We also require some extra counters and state to accurately perform DVFS performance prediction with DEP+BURST. We use CRIT [31] within an epoch to divide a thread's execution into scaling and non-scaling portions, so our model requires the same bookkeeping information as CRIT. Note that as of today, no implementation of CRIT exists on real hardware.

In order to additionally track store bursts, we introduce a new performance counter per core in hardware. This performance counter tracks the time the store queue is full. The additional logic required to track the time the store queue is full is simple, and requires no changes to the design of the store queue. Once all the entries in the store queue are occupied, a signal is generated. This signal is monitored by the performance counter hardware to account for the time the store queue is full.

Finally, to account for critical threads across epochs, we require one counter per thread. However, this counter can be maintained in software inside the kernel module that intercepts the futex calls.

| Benchmark    | Type<br>[M/C] | Heap size<br>[MB] | Execution time (ms) | GC time<br>(ms) |
|--------------|---------------|-------------------|---------------------|-----------------|
| xalan        | M             | 108               | 1,400               | 270             |
| pmd          | M             | 98                | 1,345               | 230             |
| pmd.scale    | M             | 98                | 500                 | 80              |
| lusearch     | M             | 68                | 2,600               | 285             |
| lusearch.fix | С             | 68                | 1,249               | 42              |
| avrora       | С             | 98                | 1,782               | 5               |
| sunflow      | С             | 108               | 4,900               | 82              |

**TABLE I:** Our benchmarks from the DaCapo suite, including a classification of their type, heap size, execution time and GC time at 1 GHz. M represents a memory-intensive benchmark, and C represents a compute-intensive benchmark.

#### IV. EXPERIMENTAL METHODOLOGY

Before evaluating the accuracy of DEP+BURST, we first describe our experimental setup.

**Simulator.** We use Sniper [8] version 6.0, a parallel, high-speed and cycle-level x86 simulator for multicore systems; we use the most detailed cycle-level core model available. Sniper was further extended [36] to run a managed language runtime environment including dynamic compilation, and emulation of frequently used system calls.
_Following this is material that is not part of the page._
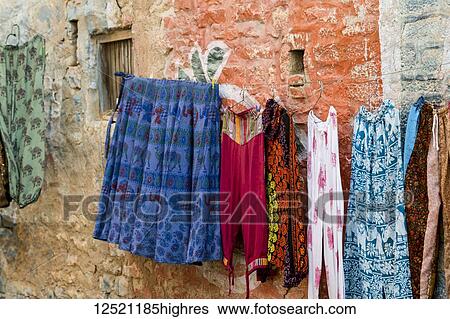 Stock Photograph - Clothing hanging on a clothesline, Jaisalmer Fort; Jaisalmer, Rajasthan, India. Fotosearch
Java Virtual Machine and benchmarks. We use Jikes RVM 3.1.2 [2] to evaluate the seven multithreaded Java benchmarks from the DaCapo suite [4] that we can get to work on our infrastructure. We use five benchmarks from the DaCapo-9.12-bach benchmark suite (avrora, lusearch, pmd, sunflow, xalan). We also use an updated version of lusearch, called lusearch-fix (described in [43]), that eliminates needless allocation. Finally, we use an updated version of pmd, called pmdscale (described in [14]) that eliminates the scaling bottleneck due to a large input file. All benchmarks we use in this work are multithreaded. The avrora benchmark uses a fixed number (six) of application threads, but has limited parallelism [14]. For the remaining multithreaded benchmarks, we perform evaluation with four application threads. Table I lists our benchmarks, a classification of whether they are memory or compute-intensive, the heap size we use in our experiments (reflecting moderate, reasonable heap pressure [36]), and their running time when using Sniper with each core running at 1 GHz. We classify the benchmarks based on the intensity of garbage collection. An application that spends more than 10% of its execution time in garbage collection is considered a memory-intensive benchmark. lusearch.fix, avrora, and sunflow are computeintensive, and the remaining five benchmarks are memoryintensive.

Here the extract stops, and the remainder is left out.